Big email 3.0 API changes, with updated unit tests and documentation.

Briefly (from the NEWS file): - Updates for the email package: + All deprecated APIs that in email 2.x issued warnings have been removed: _encoder argument to the MIMEText constructor, Message.add_payload(), Utils.dump_address_pair(), Utils.decode(), Utils.encode() + New deprecations: Generator.__call__(), Message.get_type(), Message.get_main_type(), Message.get_subtype(), the 'strict' argument to the Parser constructor.

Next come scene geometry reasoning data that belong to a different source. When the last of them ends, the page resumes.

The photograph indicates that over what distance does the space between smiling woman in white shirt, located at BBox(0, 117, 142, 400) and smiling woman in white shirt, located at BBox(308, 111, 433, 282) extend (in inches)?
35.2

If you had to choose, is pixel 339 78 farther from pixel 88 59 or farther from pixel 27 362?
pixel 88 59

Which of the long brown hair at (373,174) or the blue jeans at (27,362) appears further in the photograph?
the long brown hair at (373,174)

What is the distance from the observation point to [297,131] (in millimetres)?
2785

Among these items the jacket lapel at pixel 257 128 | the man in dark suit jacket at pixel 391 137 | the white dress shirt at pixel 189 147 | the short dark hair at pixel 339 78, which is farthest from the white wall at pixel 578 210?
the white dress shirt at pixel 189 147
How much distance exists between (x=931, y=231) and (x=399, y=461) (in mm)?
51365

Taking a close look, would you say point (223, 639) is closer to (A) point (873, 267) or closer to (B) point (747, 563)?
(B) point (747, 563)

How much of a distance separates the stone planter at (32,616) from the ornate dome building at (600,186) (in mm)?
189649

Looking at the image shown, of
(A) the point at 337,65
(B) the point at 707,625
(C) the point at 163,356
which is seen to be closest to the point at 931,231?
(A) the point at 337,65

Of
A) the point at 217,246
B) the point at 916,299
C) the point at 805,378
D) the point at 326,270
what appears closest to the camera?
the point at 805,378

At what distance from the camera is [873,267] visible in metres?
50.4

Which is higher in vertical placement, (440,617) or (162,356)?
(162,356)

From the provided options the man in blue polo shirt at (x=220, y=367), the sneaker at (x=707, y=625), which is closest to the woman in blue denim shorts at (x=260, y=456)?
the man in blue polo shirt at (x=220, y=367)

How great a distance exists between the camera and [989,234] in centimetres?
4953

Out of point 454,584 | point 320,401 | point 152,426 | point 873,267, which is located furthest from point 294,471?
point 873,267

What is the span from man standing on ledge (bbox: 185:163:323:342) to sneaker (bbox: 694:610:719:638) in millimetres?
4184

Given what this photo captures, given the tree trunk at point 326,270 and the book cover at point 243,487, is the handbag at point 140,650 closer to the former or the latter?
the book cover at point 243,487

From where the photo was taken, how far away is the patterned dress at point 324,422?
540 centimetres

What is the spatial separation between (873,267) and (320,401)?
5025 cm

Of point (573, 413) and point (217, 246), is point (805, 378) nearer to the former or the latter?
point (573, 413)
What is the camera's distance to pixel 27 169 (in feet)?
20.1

These will be removed in email 3.1. + Support for Python earlier than 2.3 has been removed (see PEP 291). + All defect classes have been renamed to end in 'Defect'. + Some FeedParser fixes; also a MultipartInvariantViolationDefect will be added to messages that claim to be multipart but really aren't. + Updates to documentation.
author: Barry Warsaw <barry@python.org> 2004-10-03 03:16:19 (GMT)
committer: Barry Warsaw <barry@python.org> 2004-10-03 03:16:19 (GMT)
commit: bb113867305f8ab70947bffb77961a60d10730dc (patch)
tree: 0af1fbf0fbbd95170636205343ba827cf768bb38 /Doc/lib
parent: 2cdd608601071df8e557beaaa78b54884c80e8de (diff)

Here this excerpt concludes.